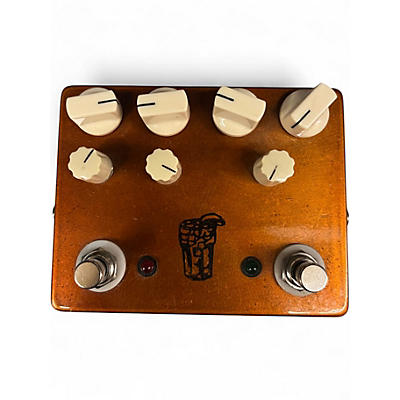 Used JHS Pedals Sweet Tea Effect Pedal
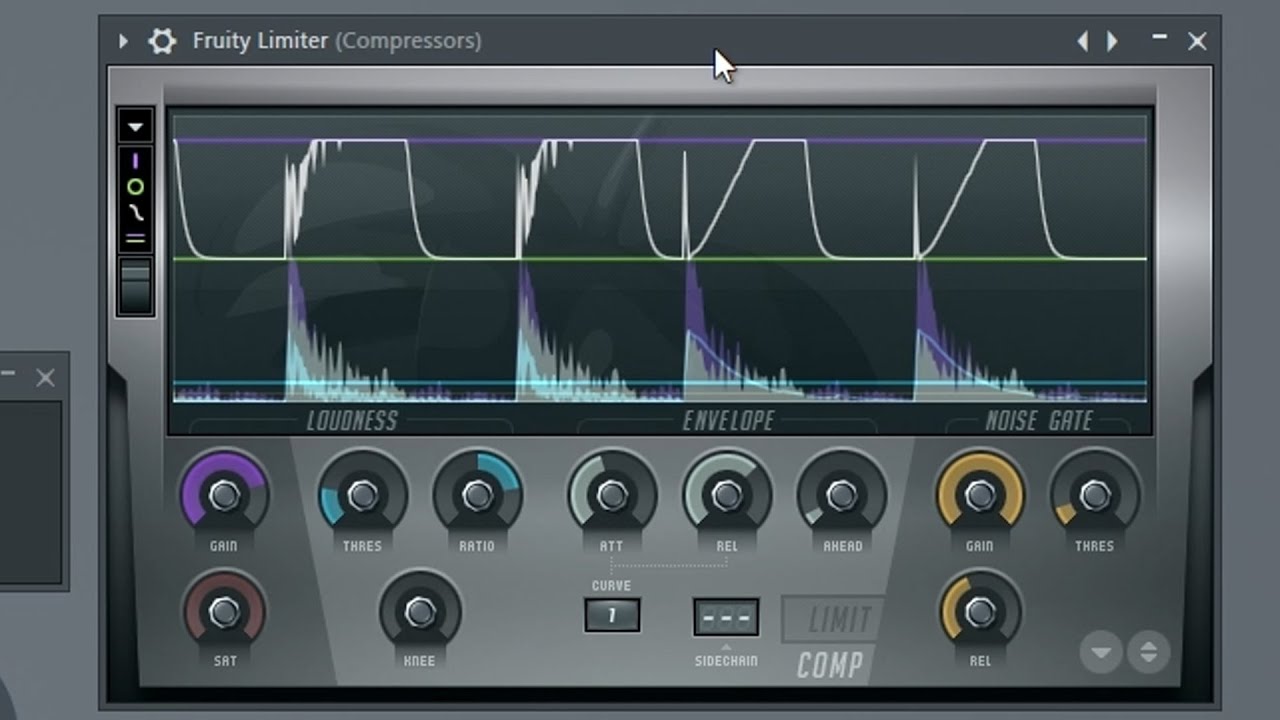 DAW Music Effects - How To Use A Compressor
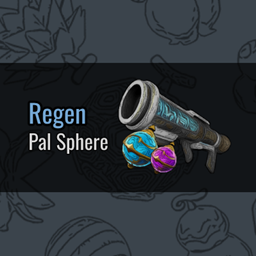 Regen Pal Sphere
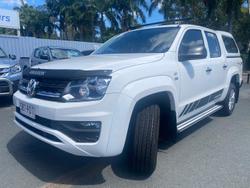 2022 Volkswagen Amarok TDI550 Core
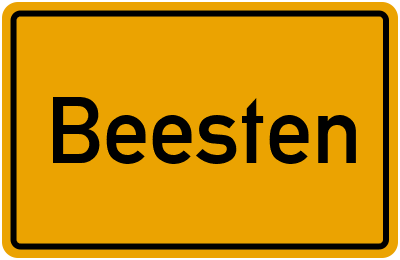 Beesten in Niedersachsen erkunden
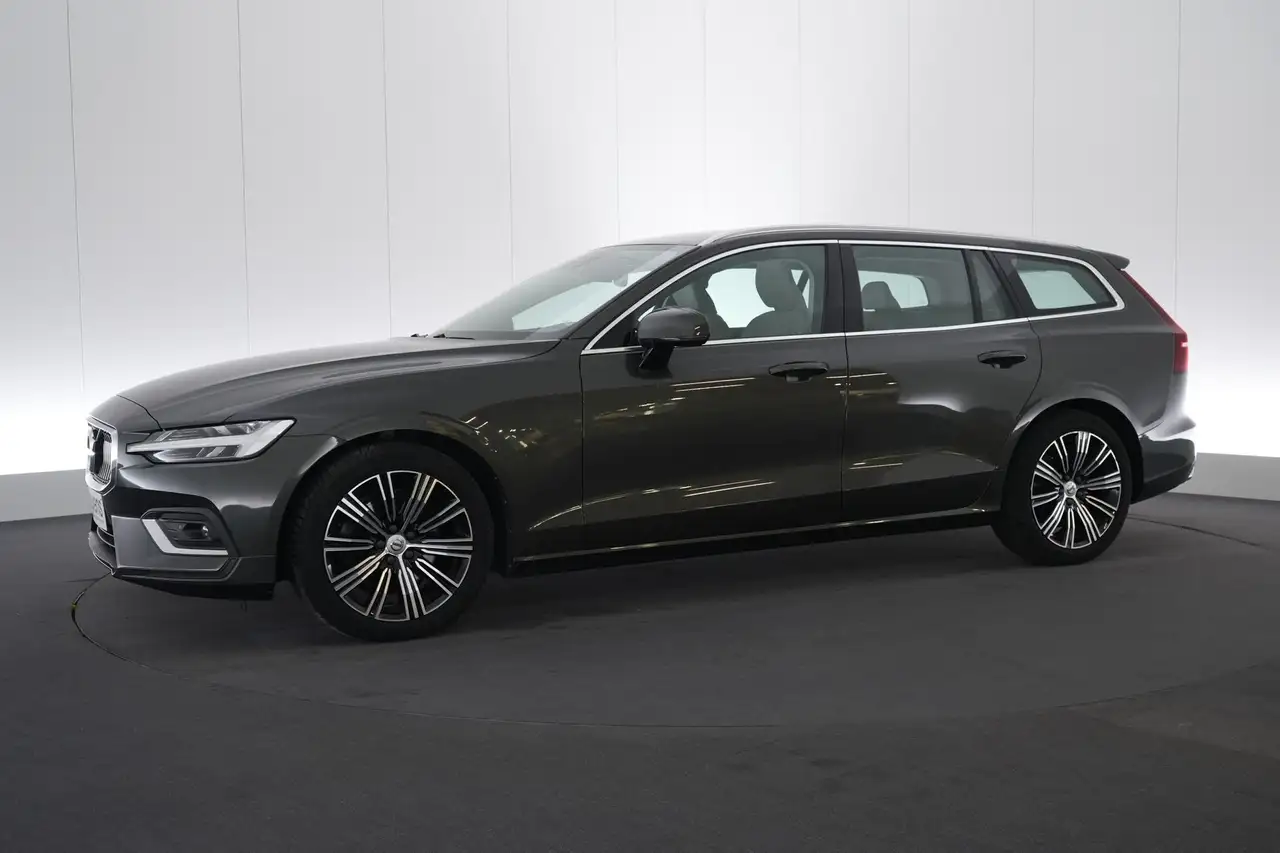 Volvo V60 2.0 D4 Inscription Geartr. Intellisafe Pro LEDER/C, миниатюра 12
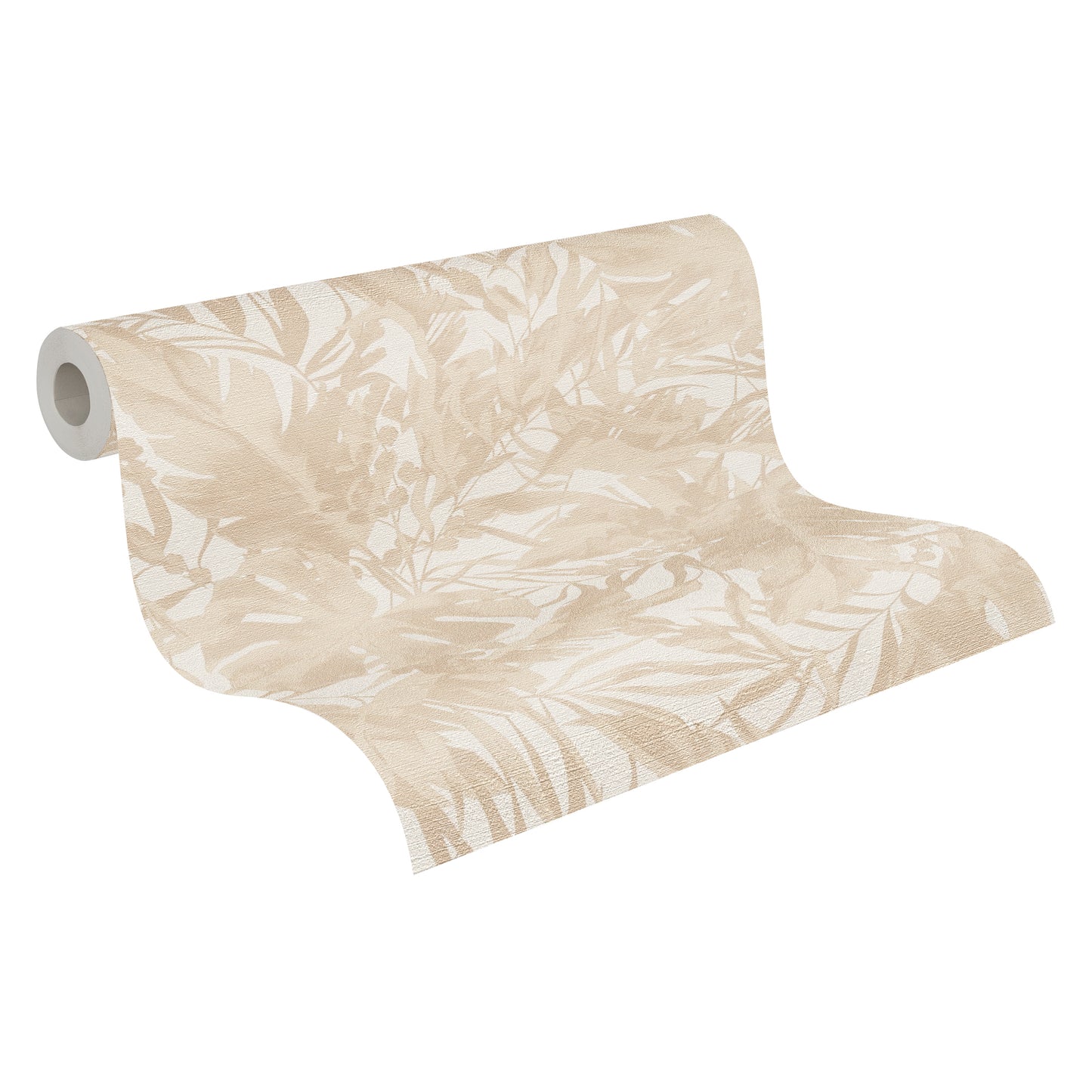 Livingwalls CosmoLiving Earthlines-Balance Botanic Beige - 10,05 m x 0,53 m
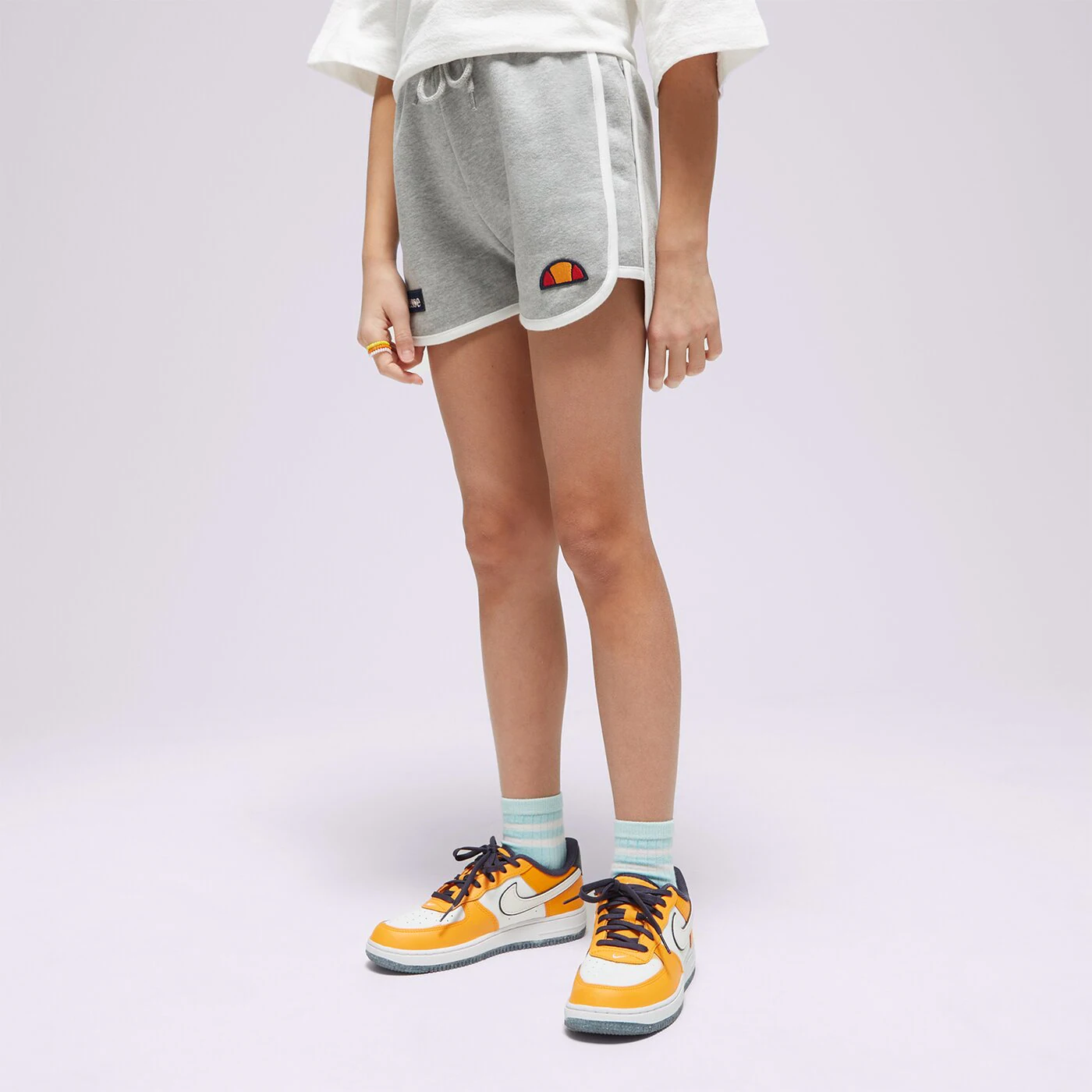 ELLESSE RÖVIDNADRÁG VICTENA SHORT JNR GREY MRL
────
Action item> Once the pictures are set aside, output all of the data above verbatim.

Result below>
 Used JHS Pedals Sweet Tea Effect Pedal
 DAW Music Effects - How To Use A Compressor
 Regen Pal Sphere
 2022 Volkswagen Amarok TDI550 Core
 Beesten in Niedersachsen erkunden
 Volvo V60 2.0 D4 Inscription Geartr. Intellisafe Pro LEDER/C, миниатюра 12
 Livingwalls CosmoLiving Earthlines-Balance Botanic Beige - 10,05 m x 0,53 m
 ELLESSE RÖVIDNADRÁG VICTENA SHORT JNR GREY MRL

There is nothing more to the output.